My recommendations are these:
–Fix the USB Ports or add/hard connect another piece of hardware to these ports to plug the Thumb or other data storage into. This interface allows for scanning and encryption recognition of the Thumb or other pre-authorized date storage device. This interface iteself has a crptyic code only working for government computers by IM security and can be recoded as needed, so if lost or stolen it is not easily used with another computer system.
–Thumb drives now come with some encryption capability. Government used thumbdrives should have a code identifier that can be tied to a password of the user. This same identifier would be ID’d into the government computer system for that employees function/area. So, if the government employee tries to use it on a non-government computer it will not work, and if the employee looses it it cannot be opened on any other computer. The ID code is loaded into the interface mentioned above and the interface can also lock out the thumb drive should the employee be terminated or removed from authorization from that access area.
–If necessary the USB/Thumb interface device can also be programmed to recognized unauthorized downlads from non-government sources to reduce piracy of copywrited materials.

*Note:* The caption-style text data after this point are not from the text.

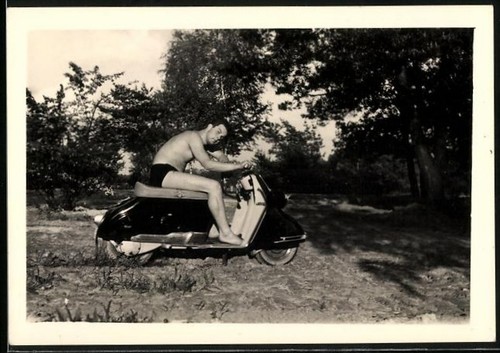 Photography heinkel - photography, of
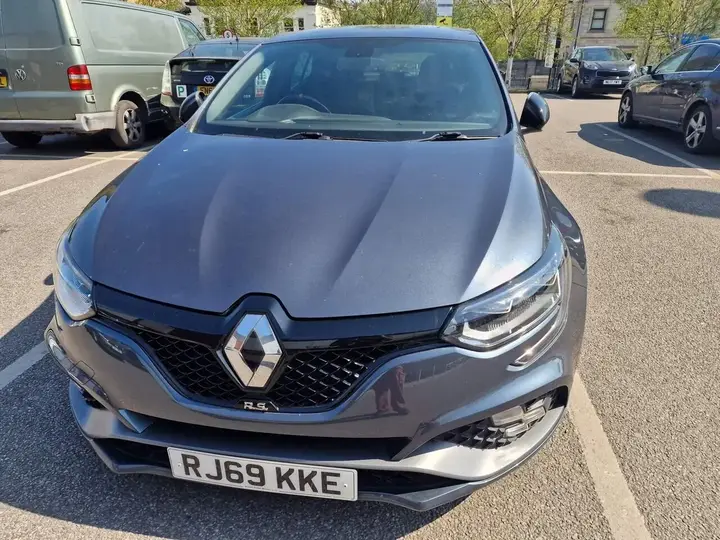 Renault Megane 2019 photo 3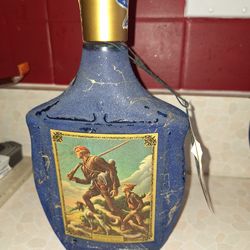 Vintage bottle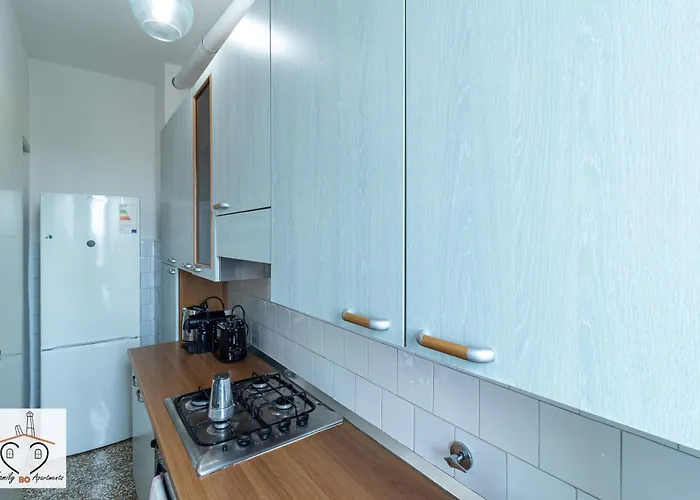 Apartman Familybo Ristori Fiera Bologna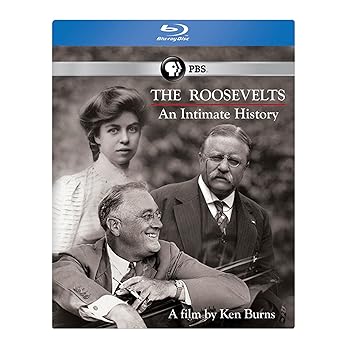 【中古】【39shop】The★Roosevelts: An Intimate History(良い)|ドリエム店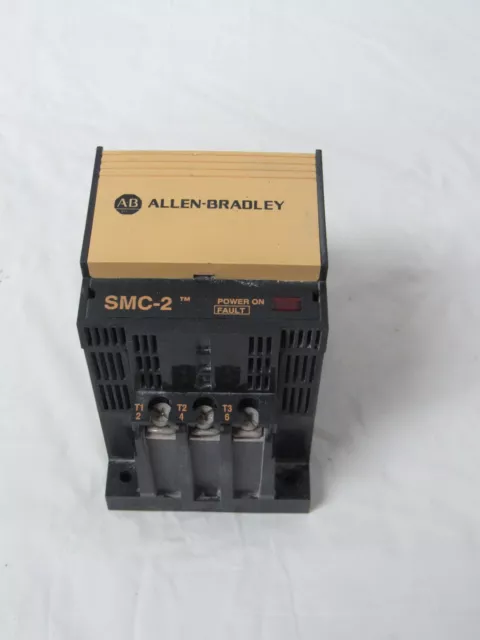 Allen-Bradley Smc-2 150-A09Nb Ser.a 3Ph Controller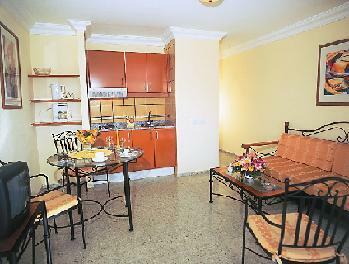 Apartamentos Amazonas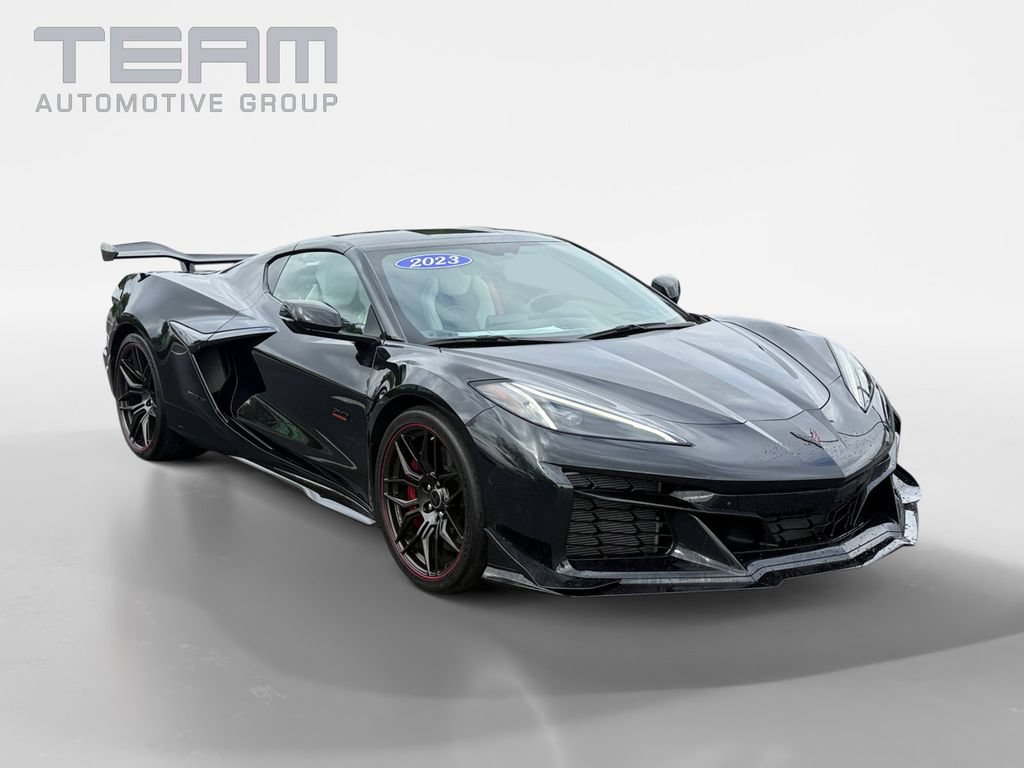 Used 2023 Chevrolet Corvette Z06 w/ Z07 Performance Package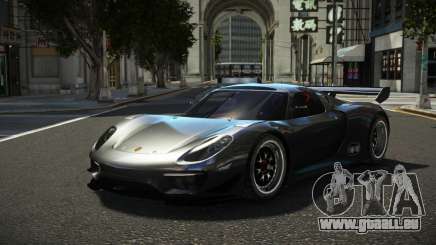 Porsche 918 Dastrho pour GTA 4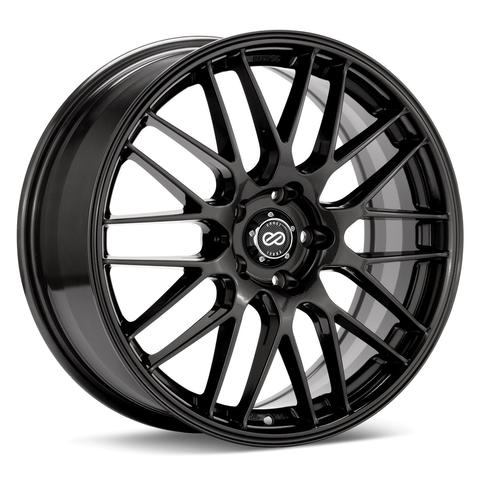 Enkei EKM3 17x7 +38mm 5x114.3 72.6 - Gunmetal Paint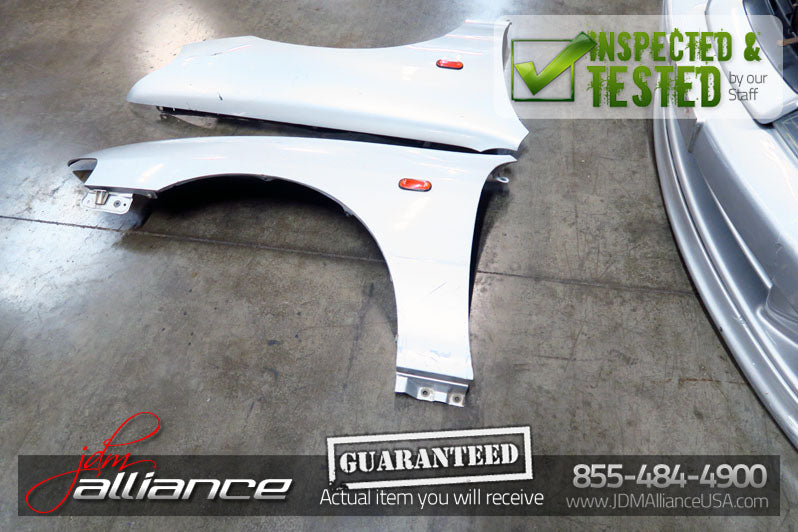 JDM 94-01 Honda Acura Integra DC1 Front End Conversion Nose Cut DC2 DB8 - JDM Alliance LLC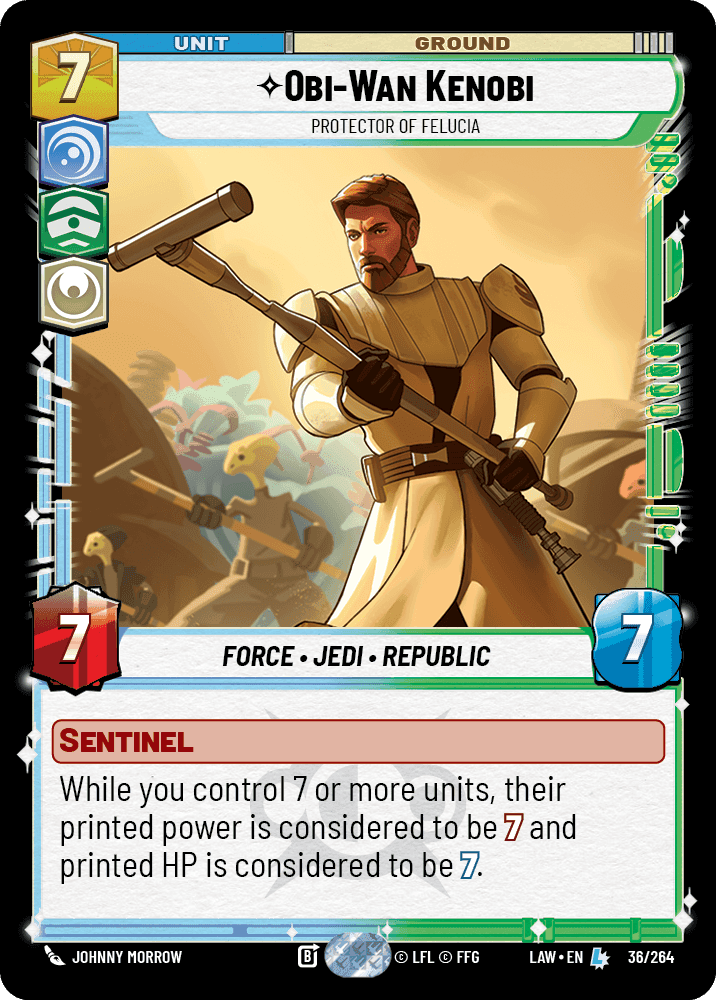 Obi-Wan Kenobi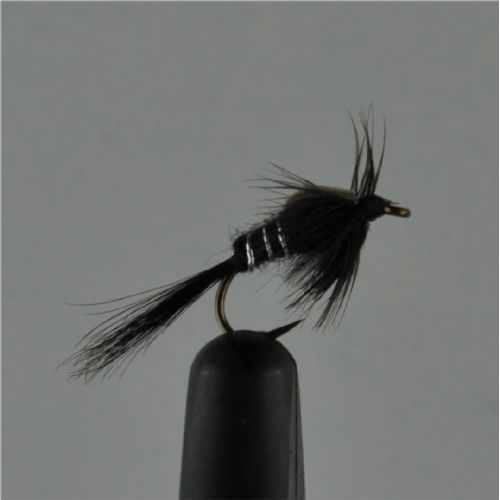 NY0114 - Black Gnat Ny.Str.14<br>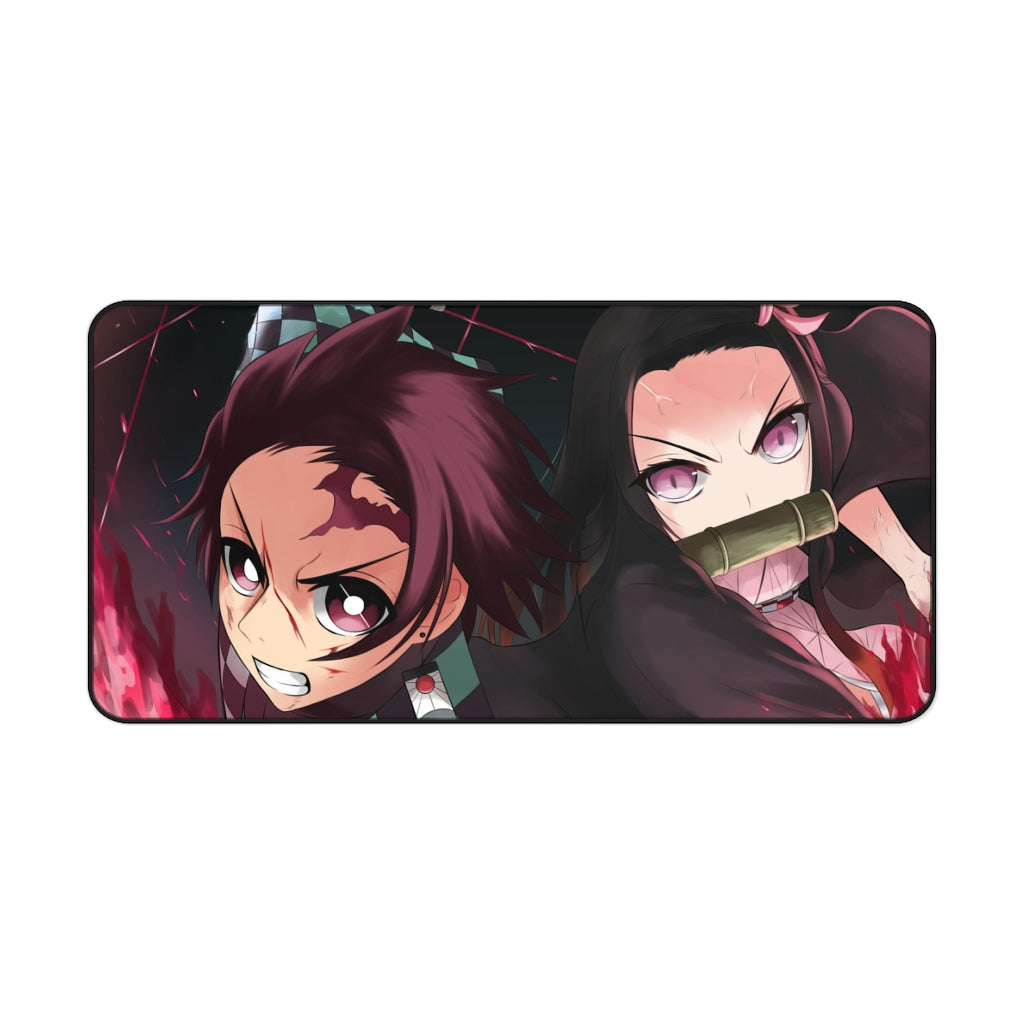 Nezuko Kamado Mouse Pad (Desk Mat)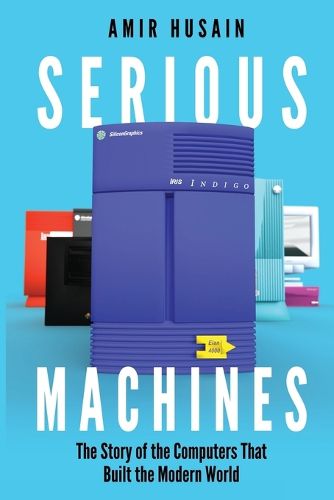 Cover image for Serious Machines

Overall, Government Computers should not be off-the-shelf models, but cusomized for security. We keep trying to use off-the-shelf and continue to have off-the-shelf problems. Establish a system of closed-house computers and have closed-house problems which enable security to identify faster the breaches and weaknesses of the system, allowing it to work faster and more secure.
Kevin MW Hughes
Why can’t we all just get along?
How about banning pencils and pens, so we can only compromise security to the point that we can remember anything? This is the same organization that had bunches of us making paper airplanes in order to show us how an assembly line worked (no kidding-Lean Sigma 6-right?) and has an Acquisitions Course that starts out teaching arithametic (“what does the “+” sign mean?-no kiddding) The only solution is for the DoD to get a little bit smart or just go back to technology they are comfortable with-like the flintlock musket. And why, to begin with, are all teh DoD systems hooked into one system? Why can’t we have local cell networks that handle low security traffic without al the BS? If that gets breched, so what? By the time we find out about it, the Russians will find out about it, too-“Who cares about this?’ sort of thing. Let teh Top Secret boys have their own network and ban anything they want from it.
So, Russian or Chinese hackers manage to breach the Pentagon and so they ban thumbdrives for all DoD? Ever occur tothem, that their firewalls just ain’t that good?
Problem is that folks use thumb drives to transfer files from unclassified computers to classified computers (against the rules but folks do it anyway) and they carry virus upstream with the files. Until scanners can be modifed to scan USB devices before allowing a connection they will be a hazard.